▶ _WHAT THIS TASK INVOLVES_
In the entries that follow, find the line containing "Видели оленей в памперсах?" and the line containing "بشرى سارة قريبا..", then retype exactly the lines from the first through the second, pictures excluded.

▶ _EXERCISE MATERIAL_
★ ★ ★ ★ ★
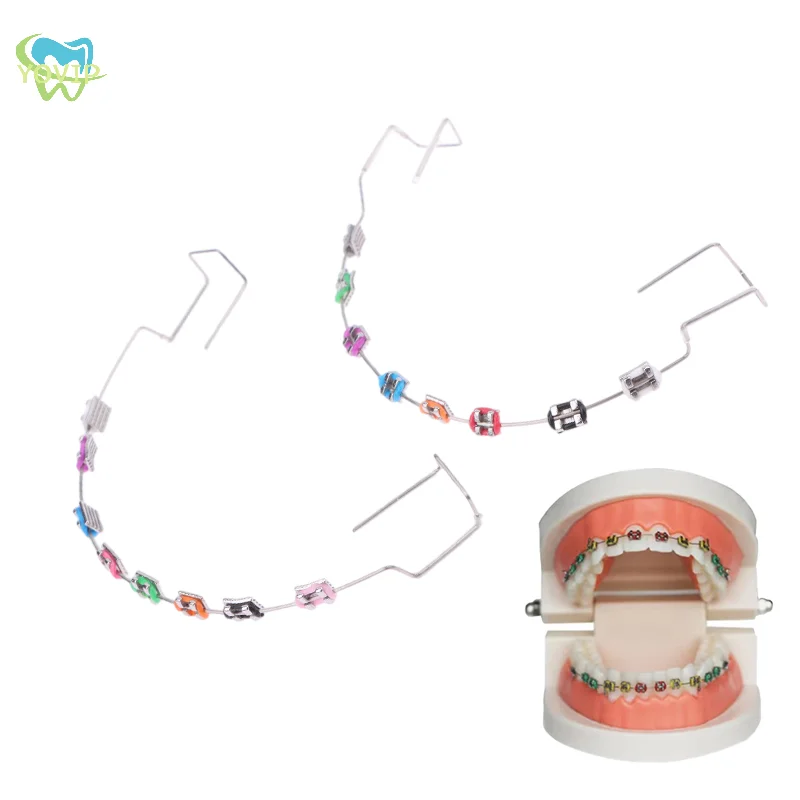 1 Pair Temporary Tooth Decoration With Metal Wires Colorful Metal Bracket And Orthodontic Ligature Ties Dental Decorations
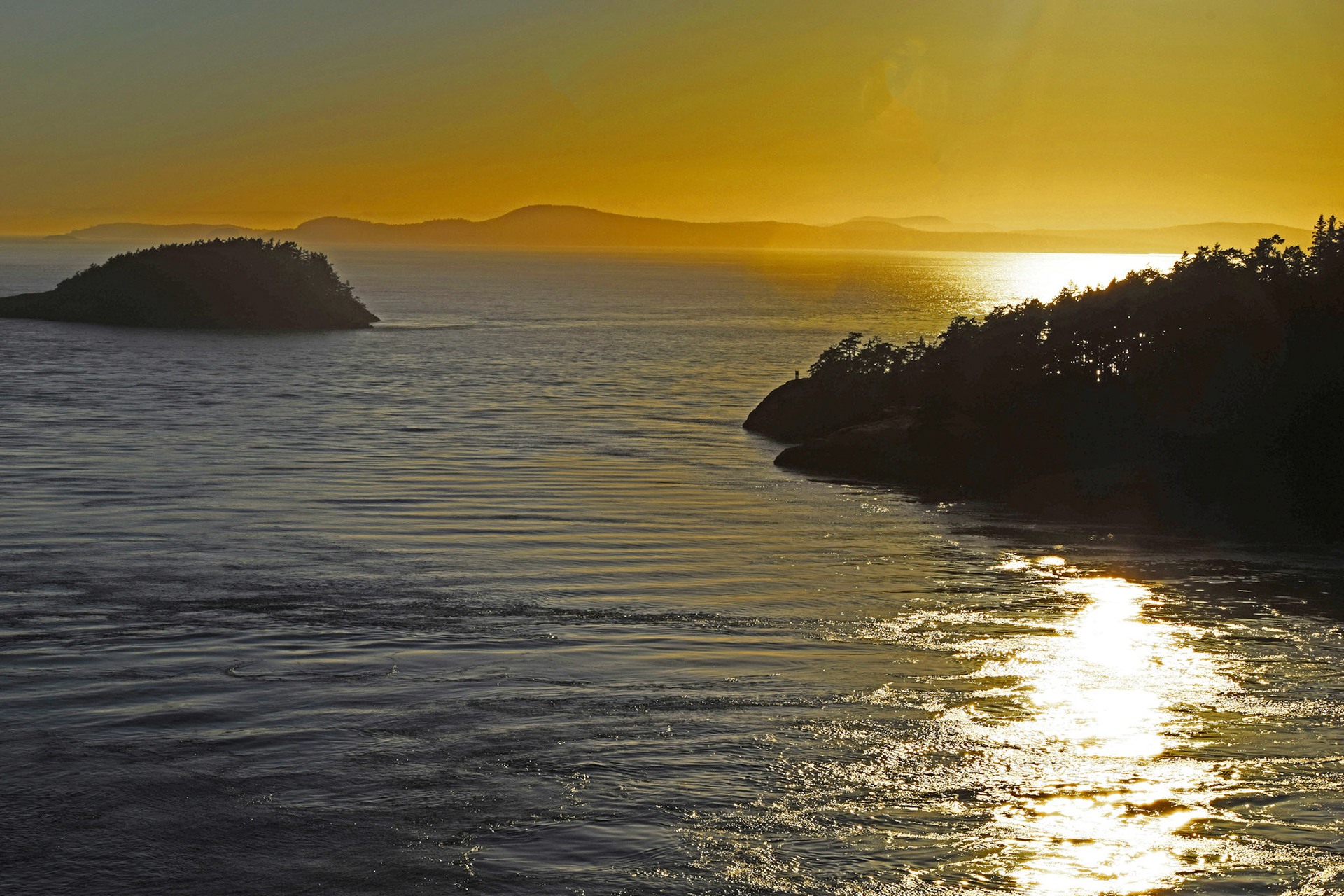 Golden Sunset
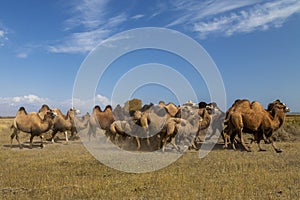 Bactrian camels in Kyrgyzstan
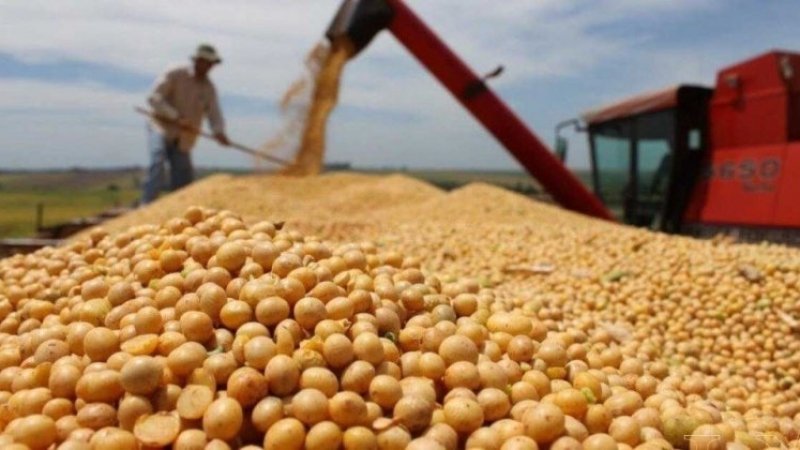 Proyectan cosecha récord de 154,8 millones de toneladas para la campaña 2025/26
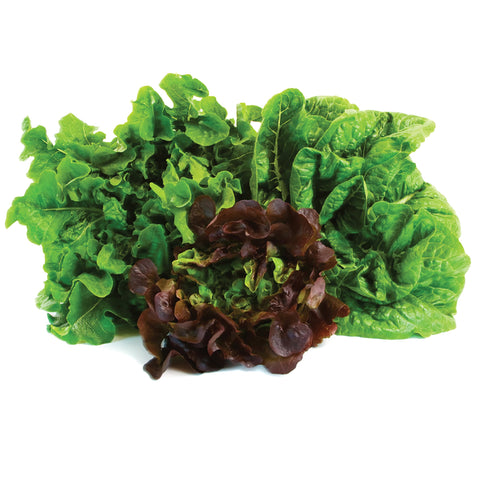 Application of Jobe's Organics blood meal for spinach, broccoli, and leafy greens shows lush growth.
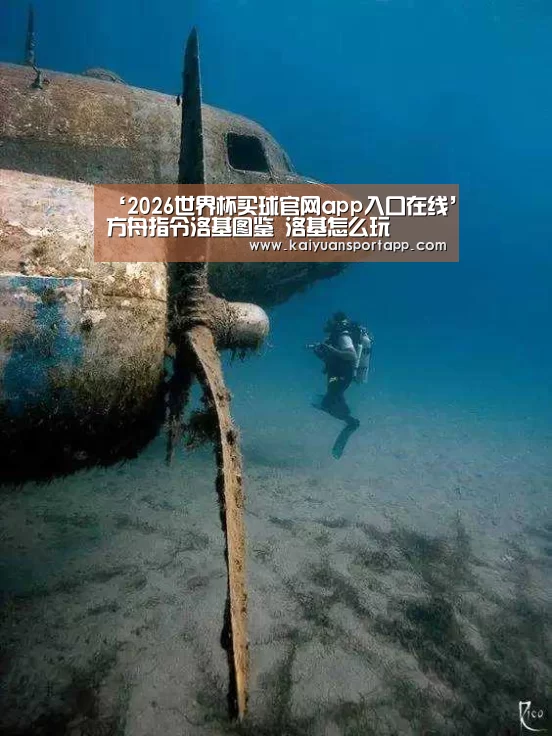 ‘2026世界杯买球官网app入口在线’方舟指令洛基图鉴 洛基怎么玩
★ ★ ★ ★ ★
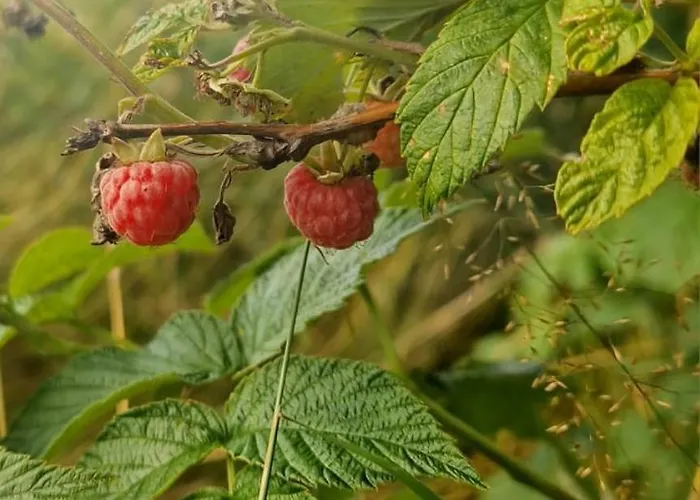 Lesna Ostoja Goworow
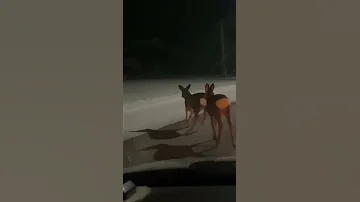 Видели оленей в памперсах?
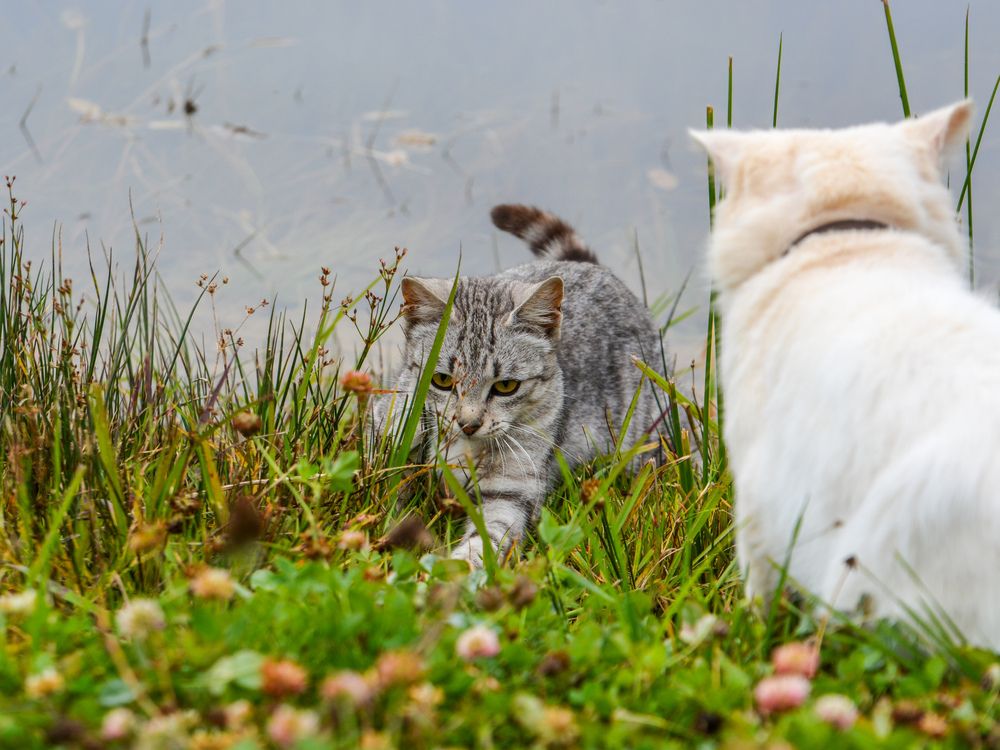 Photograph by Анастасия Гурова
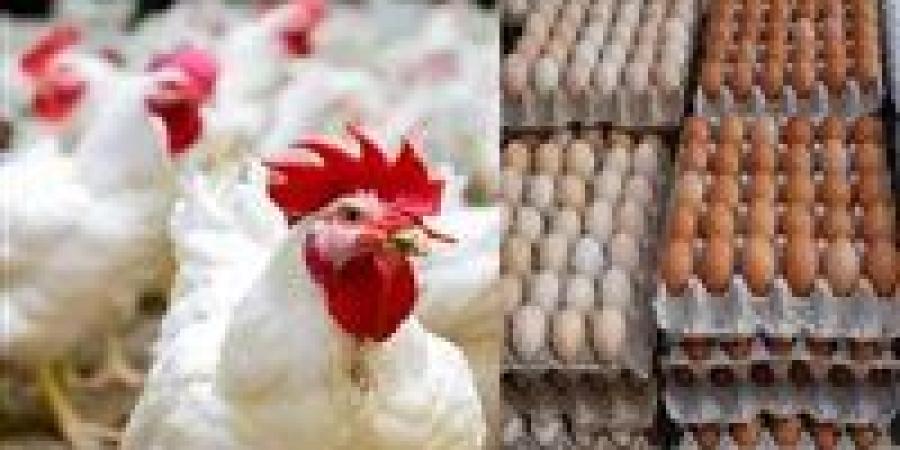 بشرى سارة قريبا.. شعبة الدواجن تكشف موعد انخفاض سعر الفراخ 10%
★ ★ ★ ★ ★
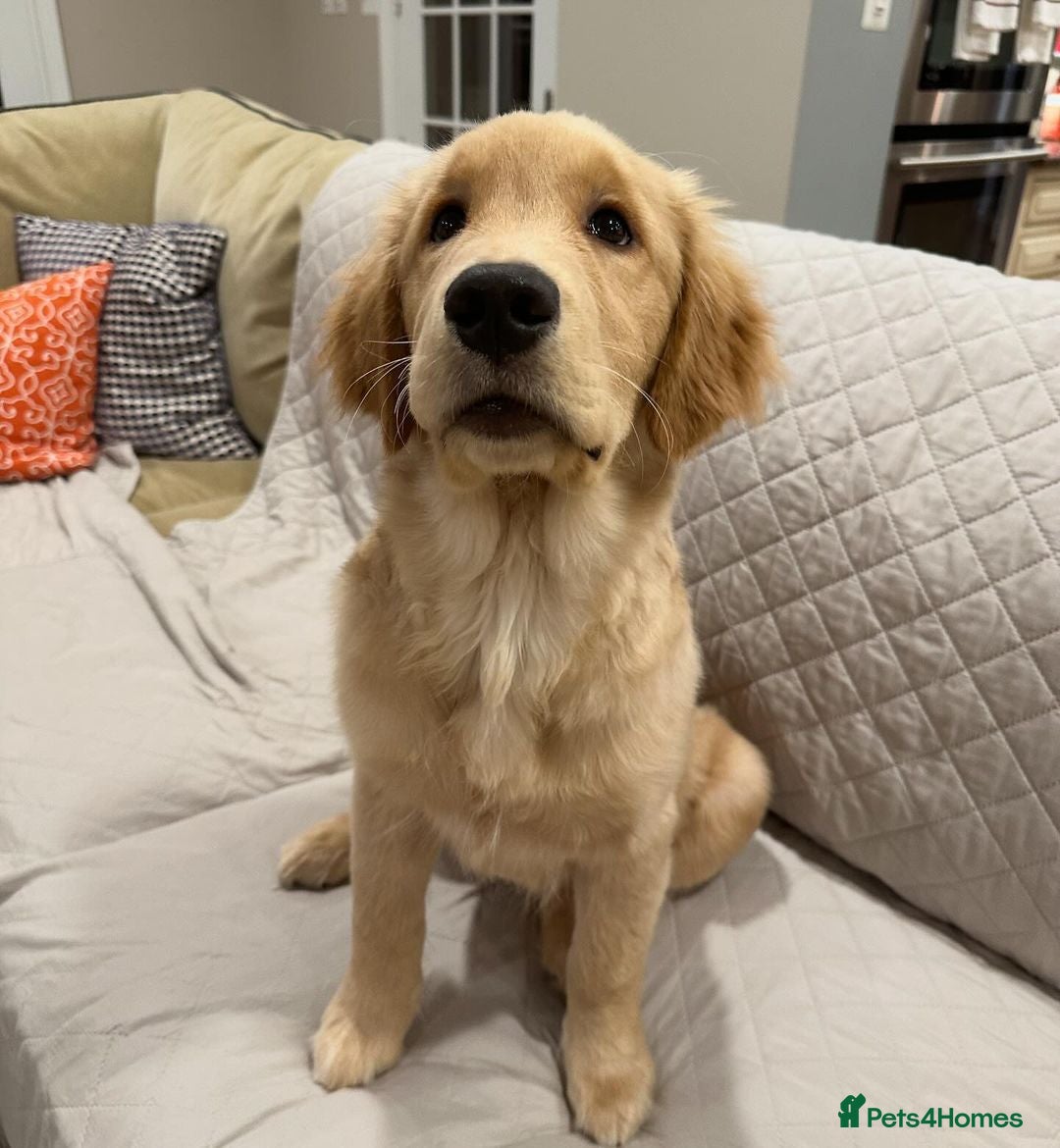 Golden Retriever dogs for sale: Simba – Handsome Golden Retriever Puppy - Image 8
★ ★ ★ ★ ★
▶ _EXERCISE RESULT_
 Видели оленей в памперсах?
 Photograph by Анастасия Гурова
 بشرى سارة قريبا.. شعبة الدواجن تكشف موعد انخفاض سعر الفراخ 10%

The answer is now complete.